--- START ---

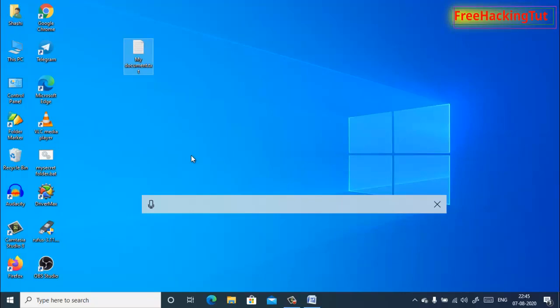You can see I can rename my file without typing using my keyboard. This is how you can use the dictation feature in Windows 10. Try it out yourself.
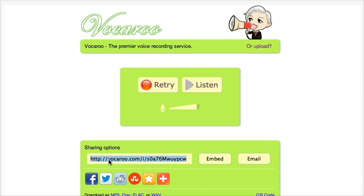Once I have copied this link all I need to do is copy and paste it into the text box or the text window that you get in the assignments for Blackboard. And your teacher will be able to click this link and listen to your recording. That's how easy it is.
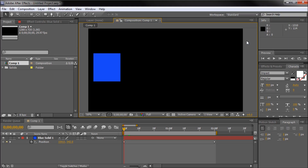When creating animations in After Effects, the little things usually make the difference when it comes to selling your animation. One of these little things you can do is add motion blur to your moving objects. After Effects makes it easy for you to quickly add motion blur to any of your layers.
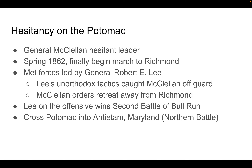General McClellan was a hesitant leader, nervous to go on the offense. It took him until spring of 1862 — a full year into the conflict — to begin marching toward Richmond, Virginia. He was met by forces led by General Robert E. Lee, the major Confederate general and a very talented military leader who had been a Union officer in the Mexican-American War and a West Point graduate. Lee's unorthodox tactics caught McClellan off guard, forcing him to retreat from Richmond. Lee then won the Second Battle of Bull Run, defeating the Union there twice.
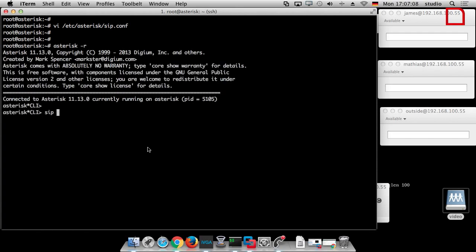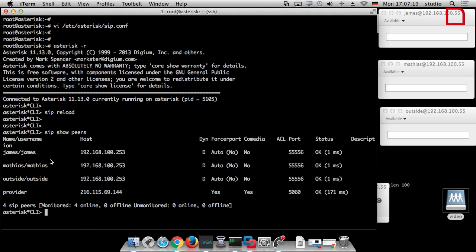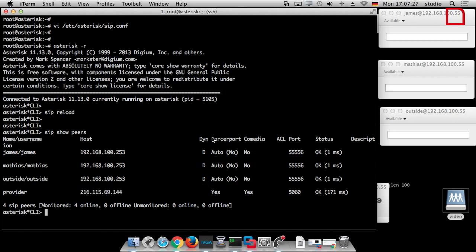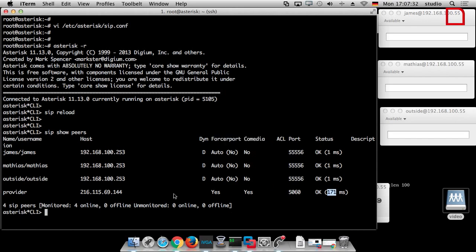We run 'sip reload' and then 'sip show peers'. Now we have the peer. You can see the IP address of the provider, you can see that we are behind the NAT network because of the force rport and comedia flags, and you can see how fast we can reach the provider. Now we've created the peer and everything seems to be ready.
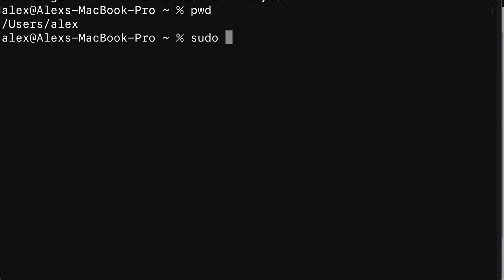Then call npm install to install a new package via npm. Add the g flag with dash g, which stands for global, which means we're going to install Firebase tools globally.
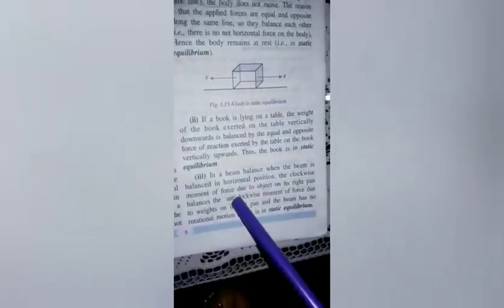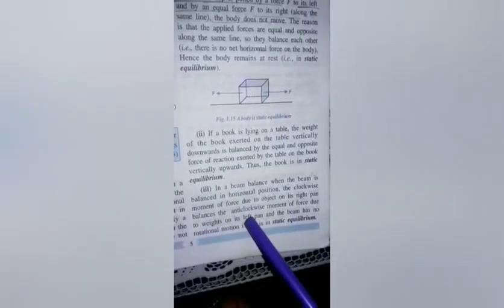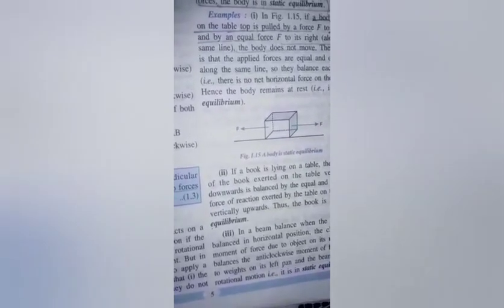Similarly, in a beam balance, when the beam is balanced in a horizontal position, the clockwise moment of force due to the object on the right pan balances the anticlockwise moment of force due to weights on the left pan, and the beam has no rotational motion — the pointer shows zero marking. Both pans have equal weight and equal arm length, so the clockwise moment equals the anticlockwise moment, and that's why the body remains at rest.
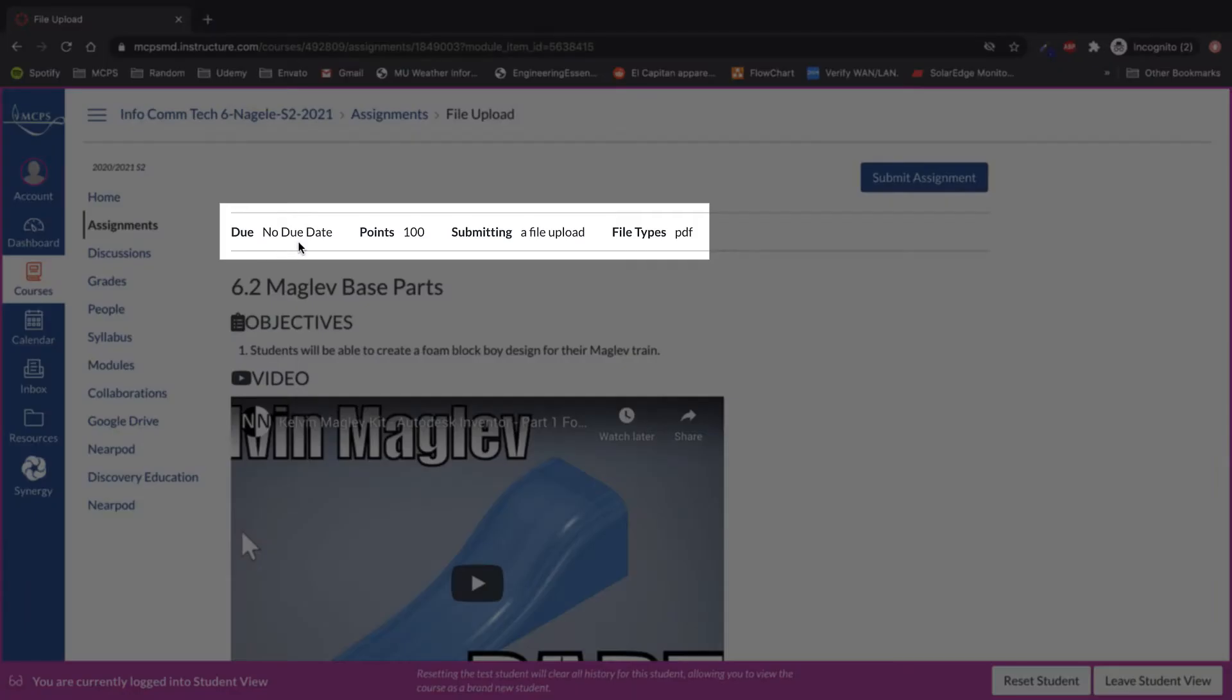When in the assignment, you can see the due date, the points possible, and the type of file submission. You may also see a file type if it's restricted on the assignment, which the teacher can choose or not choose to enable.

--- END ---

EXERCISE DIRECTIONS: Set down the complete material exactly, but do not include the images.

WRITTEN ANSWER:
You can see I can rename my file without typing using my keyboard. This is how you can use the dictation feature in Windows 10. Try it out yourself.
Once I have copied this link all I need to do is copy and paste it into the text box or the text window that you get in the assignments for Blackboard. And your teacher will be able to click this link and listen to your recording. That's how easy it is.
When creating animations in After Effects, the little things usually make the difference when it comes to selling your animation. One of these little things you can do is add motion blur to your moving objects. After Effects makes it easy for you to quickly add motion blur to any of your layers.
General McClellan was a hesitant leader, nervous to go on the offense. It took him until spring of 1862 — a full year into the conflict — to begin marching toward Richmond, Virginia. He was met by forces led by General Robert E. Lee, the major Confederate general and a very talented military leader who had been a Union officer in the Mexican-American War and a West Point graduate. Lee's unorthodox tactics caught McClellan off guard, forcing him to retreat from Richmond. Lee then won the Second Battle of Bull Run, defeating the Union there twice.
We run 'sip reload' and then 'sip show peers'. Now we have the peer. You can see the IP address of the provider, you can see that we are behind the NAT network because of the force rport and comedia flags, and you can see how fast we can reach the provider. Now we've created the peer and everything seems to be ready.
Then call npm install to install a new package via npm. Add the g flag with dash g, which stands for global, which means we're going to install Firebase tools globally.
Similarly, in a beam balance, when the beam is balanced in a horizontal position, the clockwise moment of force due to the object on the right pan balances the anticlockwise moment of force due to weights on the left pan, and the beam has no rotational motion — the pointer shows zero marking. Both pans have equal weight and equal arm length, so the clockwise moment equals the anticlockwise moment, and that's why the body remains at rest.
When in the assignment, you can see the due date, the points possible, and the type of file submission. You may also see a file type if it's restricted on the assignment, which the teacher can choose or not choose to enable.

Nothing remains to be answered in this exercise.